Data-Driven Determination of Macromolecular Structures
Title: Data-Driven Determination of Macromolecular Structures
DNr: Berzelius-2024-256
Project Type: LiU Berzelius
Principal Investigator: Nicholas Pearce <nicholas.pearce@liu.se>
Affiliation: Linköpings universitet
Duration: 2024-08-29 – 2025-03-01
Classification: 10203
Homepage: https://macromolecular.science
Keywords:

Abstract

Accurate macromolecular structures are the focus of research for thousands of researchers internationally and are foundational components of drug design and other therapeutic efforts. The overall approaches of structure determination and analysis, even as individual steps within this workflow have changed beyond recognition. Notwithstanding the widespread success and impact of macromolecular structural models on our understanding of the molecular basis of life, the fact remains that our models remain fundamentally flawed and incomplete, despite huge technical leaps in the collection of experimental data. The overly simplistic representation of biological macromolecules as a single conformation loses all of the subtlety of molecular motions and dynamics, and cannot be used to understand complex structural transitions such as allostery.

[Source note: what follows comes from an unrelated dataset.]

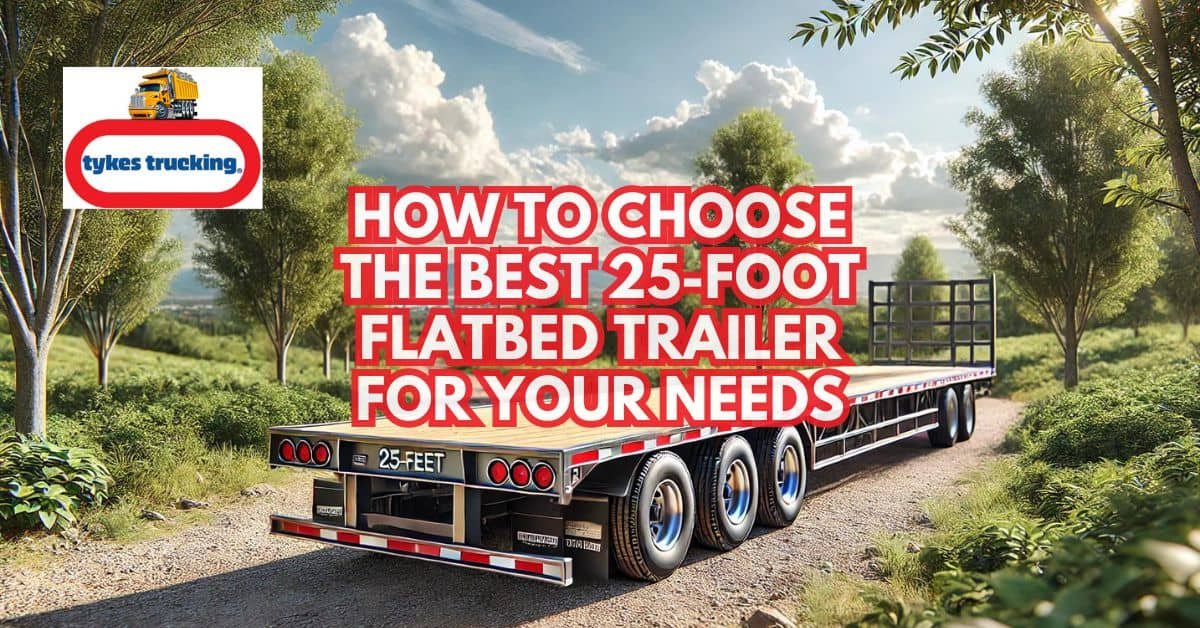 25-Foot Flatbed Trailer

Thus, our current models only allow us to go so far in our understanding of molecular processes. Additionally, continuing manual subjective interpretation of the experimental data allows for misinterpretation and bias, especially of bound ligands. These problems will only become more acute with the growth of cryo-electron microscopy (cryoEM), where the average size of structures is much larger than those typical for macromolecular crystallography (MX), and the scale of the modelling challenge increases accordingly. The development of robust AI-driven methods for modelling, validation and analysis therefore remains a significant challenge but also opportunity in structural biology. With increasing automation now enabling the routine collection of multiple datasets for each structural determination experiment, it is time to rethink how we determine molecular structures, by routinely using multiple datasets for structure determination and analysis in AI-driven approaches. We aim to define new best practice approaches in the modelling and analysis of macromolecular structures in MX and cryoEM, and demonstrate the importance of improved models in real drug-discovery efforts.